Monday, September 26, 2022

paying it forward

I've heard lots of stories about people paying for the folks behind them at the drive through but it never happened to me.  Until today.  It was unusually NOT busy at McDonald's as I placed my order and waited to pay.  Imagine my surprise when the window gal told me the man in front had paid for mine!  He was still waiting to pull out of the parking lot and I gave him a big wave and got a wave in return.  I love it when that happens.  It restores my faith in people and shows me that there are a lot of good ones.  

I saw an old friend at church yesterday who has been laying low during the pandemic because he has a lot of health issues.  I was so excited to see him and get a hug that I said quite loudly "Hey buddy!"  I kind of forgot that I was in the hush hush of the sanctuary where people are chatting quietly waiting for the service to begin.  I'm sure they heard me all the way in the back pews.  

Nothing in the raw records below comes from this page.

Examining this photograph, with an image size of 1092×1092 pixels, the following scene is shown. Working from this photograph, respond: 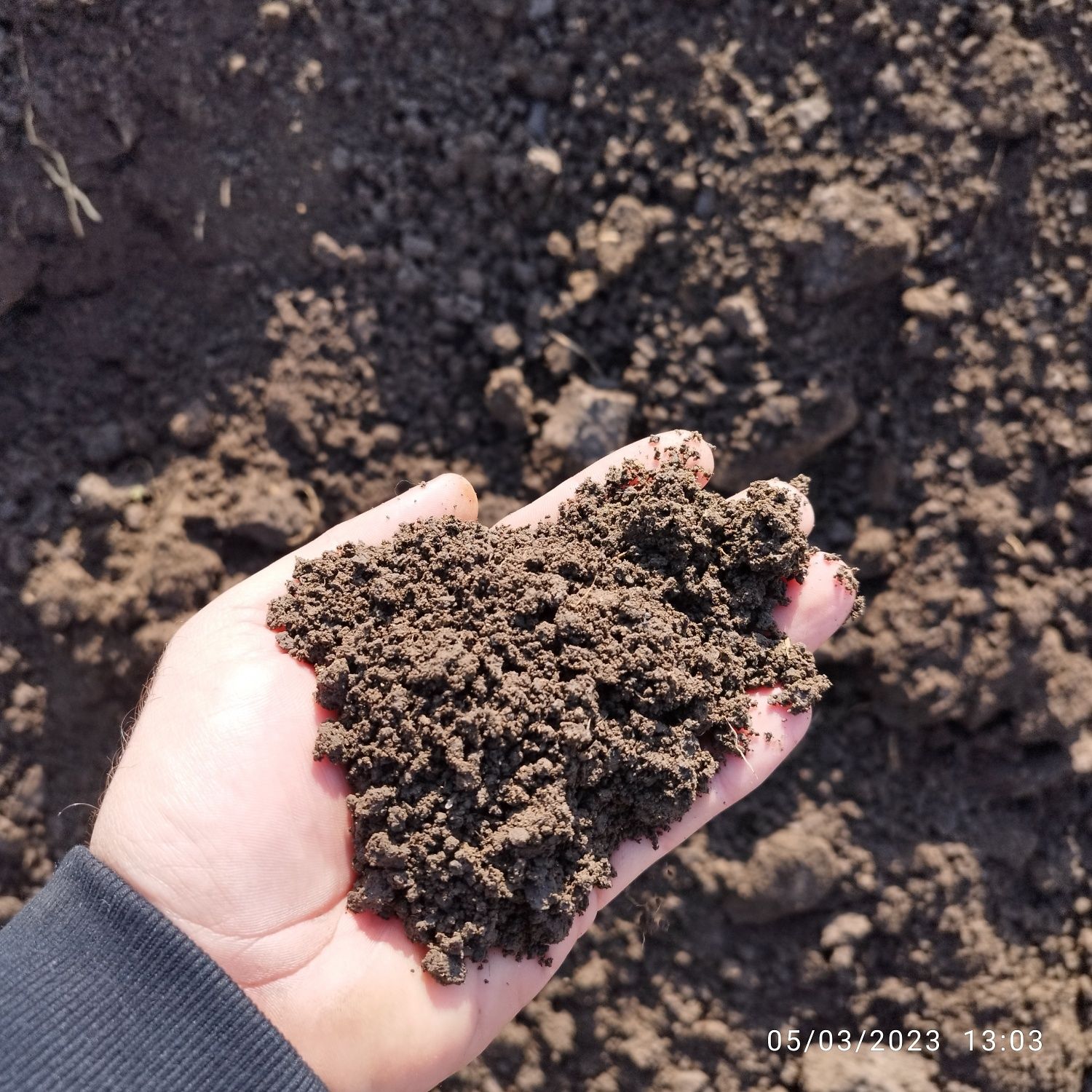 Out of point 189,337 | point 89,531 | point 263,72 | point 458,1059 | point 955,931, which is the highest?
point 263,72

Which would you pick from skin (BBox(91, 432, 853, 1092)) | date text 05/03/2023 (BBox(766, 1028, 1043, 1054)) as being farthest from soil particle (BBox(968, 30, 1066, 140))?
date text 05/03/2023 (BBox(766, 1028, 1043, 1054))

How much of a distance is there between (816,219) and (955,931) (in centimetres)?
239

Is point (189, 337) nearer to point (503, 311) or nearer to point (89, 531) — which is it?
point (89, 531)

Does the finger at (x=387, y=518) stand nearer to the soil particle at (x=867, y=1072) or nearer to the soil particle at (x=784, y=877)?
the soil particle at (x=784, y=877)

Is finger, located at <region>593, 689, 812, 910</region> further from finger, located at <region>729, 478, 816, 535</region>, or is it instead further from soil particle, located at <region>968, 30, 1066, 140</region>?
soil particle, located at <region>968, 30, 1066, 140</region>

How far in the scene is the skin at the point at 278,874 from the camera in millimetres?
2324

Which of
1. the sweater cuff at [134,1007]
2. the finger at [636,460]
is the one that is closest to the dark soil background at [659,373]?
the finger at [636,460]

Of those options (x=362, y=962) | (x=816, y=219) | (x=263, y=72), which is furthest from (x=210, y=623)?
(x=816, y=219)

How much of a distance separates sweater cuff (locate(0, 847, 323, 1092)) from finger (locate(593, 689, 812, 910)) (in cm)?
92

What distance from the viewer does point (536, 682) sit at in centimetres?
242

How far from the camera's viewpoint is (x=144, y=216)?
335 cm

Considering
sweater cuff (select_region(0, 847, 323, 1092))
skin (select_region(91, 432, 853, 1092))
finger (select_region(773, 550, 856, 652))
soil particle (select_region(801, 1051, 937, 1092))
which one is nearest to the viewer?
sweater cuff (select_region(0, 847, 323, 1092))

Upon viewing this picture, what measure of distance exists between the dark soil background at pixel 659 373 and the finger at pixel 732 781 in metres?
0.66

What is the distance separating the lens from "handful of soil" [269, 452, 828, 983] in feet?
7.71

Just as I figured, the seriously cute shirt was gone when I went back.  All they had in any of the styles or colors was XS.  Meh.  That will teach me to pass something up that I really love, which doesn't happen often.   My friend gave me some birthday money and I promised her I would spend it on myself.  There are other stores and other shirts.  Going out to look is the hard part.  I do  not enjoy browsing or digging through racks.  Lord, how I miss JC Penney.   My biggest problem is now wearing things with a loose high waist to keep pressure off of my stoma.  Seatbelts do the same thing.  I have good and bad days with it but then I still have my wits about me enough to handle it.  I wonder how it will be as I get older.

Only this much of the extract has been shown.